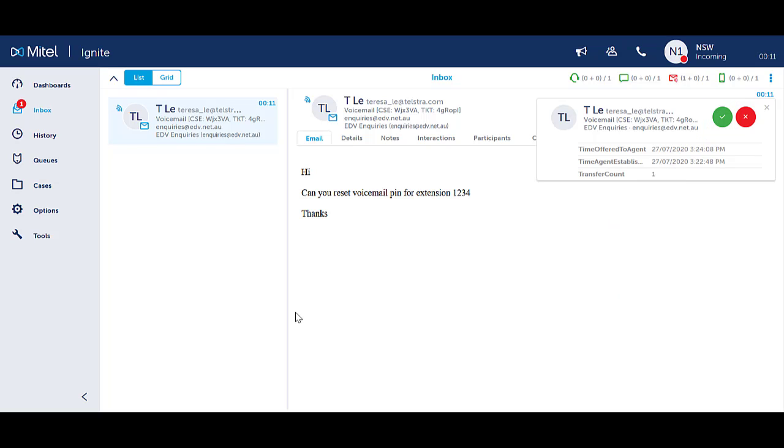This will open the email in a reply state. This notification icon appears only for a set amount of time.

--------------------

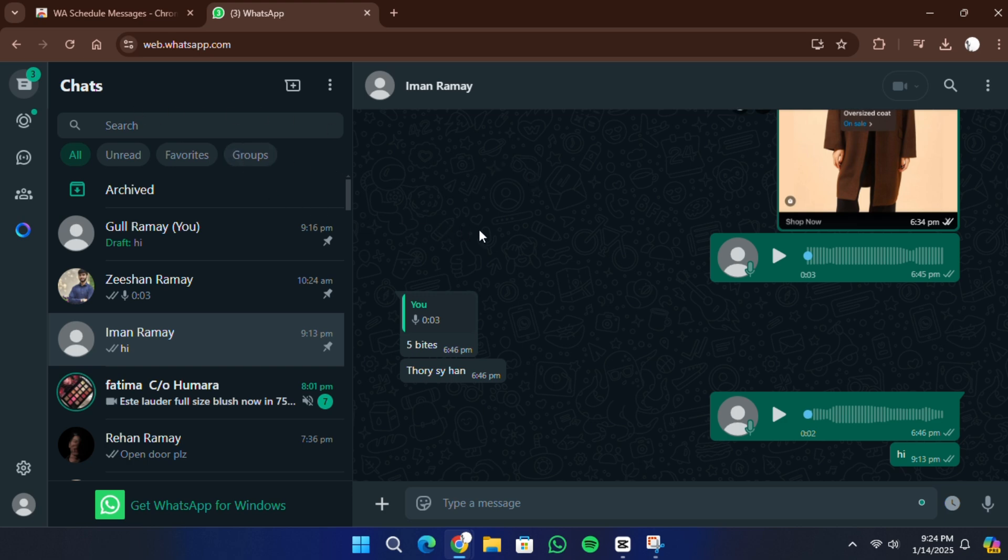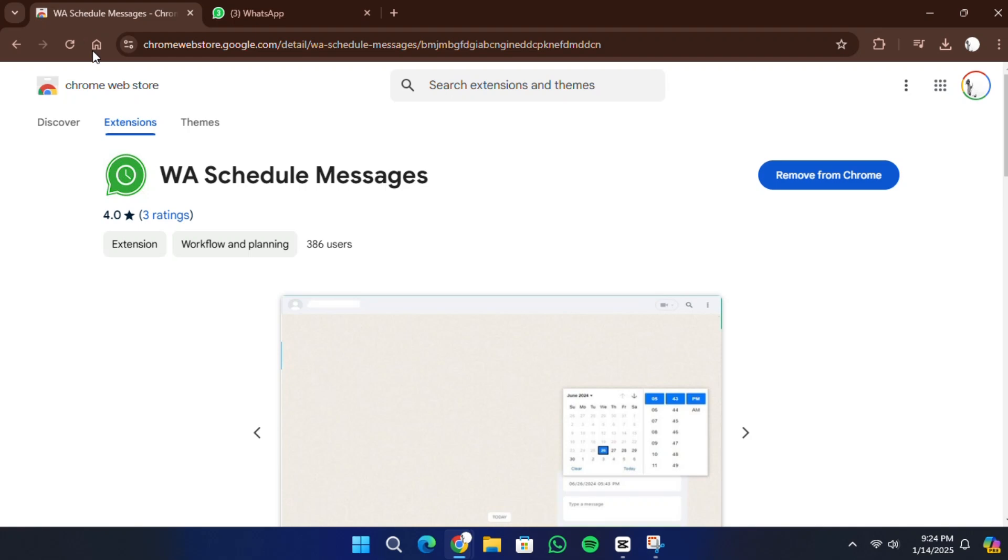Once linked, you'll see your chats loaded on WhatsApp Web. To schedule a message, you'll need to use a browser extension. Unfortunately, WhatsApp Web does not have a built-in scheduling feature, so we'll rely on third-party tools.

--------------------

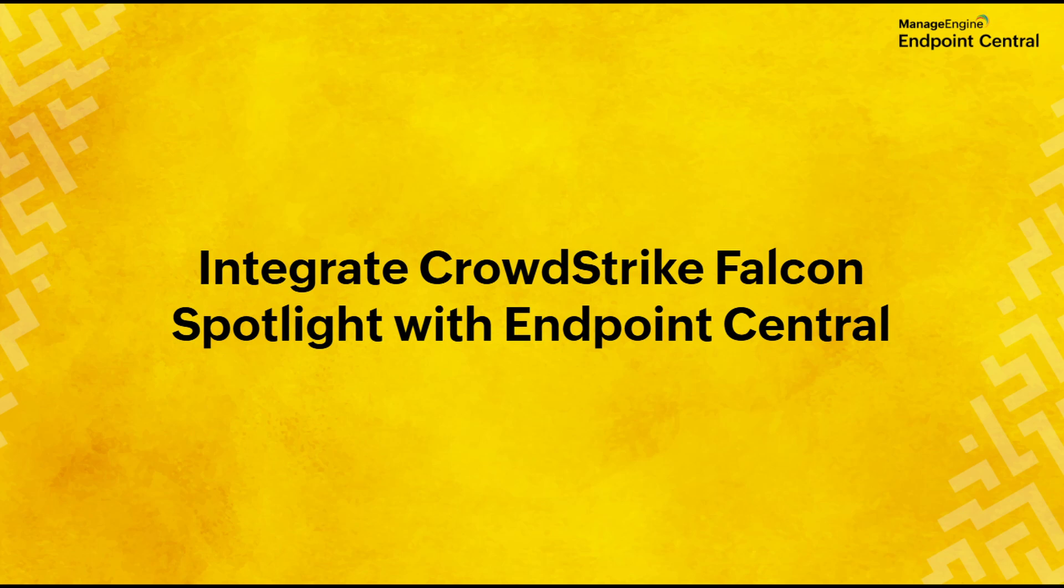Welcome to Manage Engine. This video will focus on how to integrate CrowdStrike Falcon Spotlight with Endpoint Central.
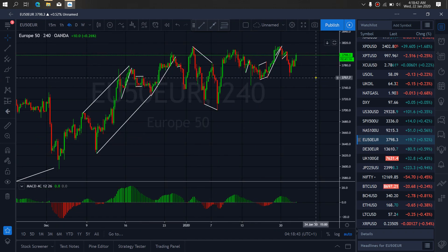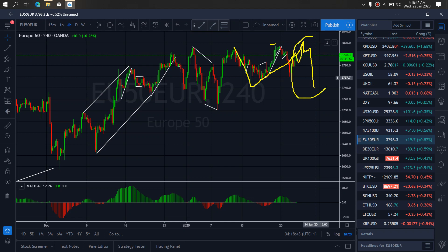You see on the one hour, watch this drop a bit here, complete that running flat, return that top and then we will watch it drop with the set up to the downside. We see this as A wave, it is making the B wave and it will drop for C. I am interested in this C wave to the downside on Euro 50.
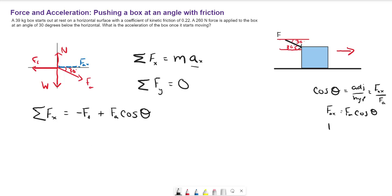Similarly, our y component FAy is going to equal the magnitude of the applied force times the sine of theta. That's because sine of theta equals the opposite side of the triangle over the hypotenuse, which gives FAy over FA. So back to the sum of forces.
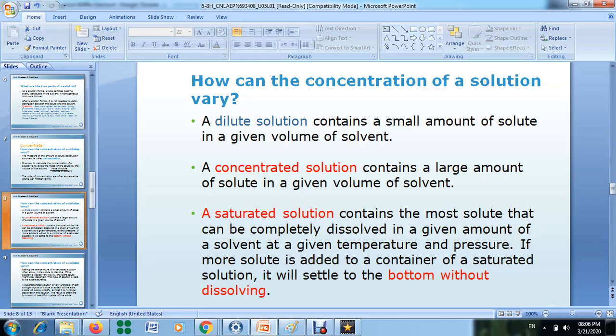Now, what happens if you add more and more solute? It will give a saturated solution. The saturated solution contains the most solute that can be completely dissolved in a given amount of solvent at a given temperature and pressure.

--------------------

● **Task directions**
Please return the data above exactly as it stands from the line with "Similarly, our y" to the line with "Now, what happens", keeping both of those lines but none of the pictures.

● **Answer section**
Similarly, our y component FAy is going to equal the magnitude of the applied force times the sine of theta. That's because sine of theta equals the opposite side of the triangle over the hypotenuse, which gives FAy over FA. So back to the sum of forces.
Now, what happens if you add more and more solute? It will give a saturated solution. The saturated solution contains the most solute that can be completely dissolved in a given amount of solvent at a given temperature and pressure.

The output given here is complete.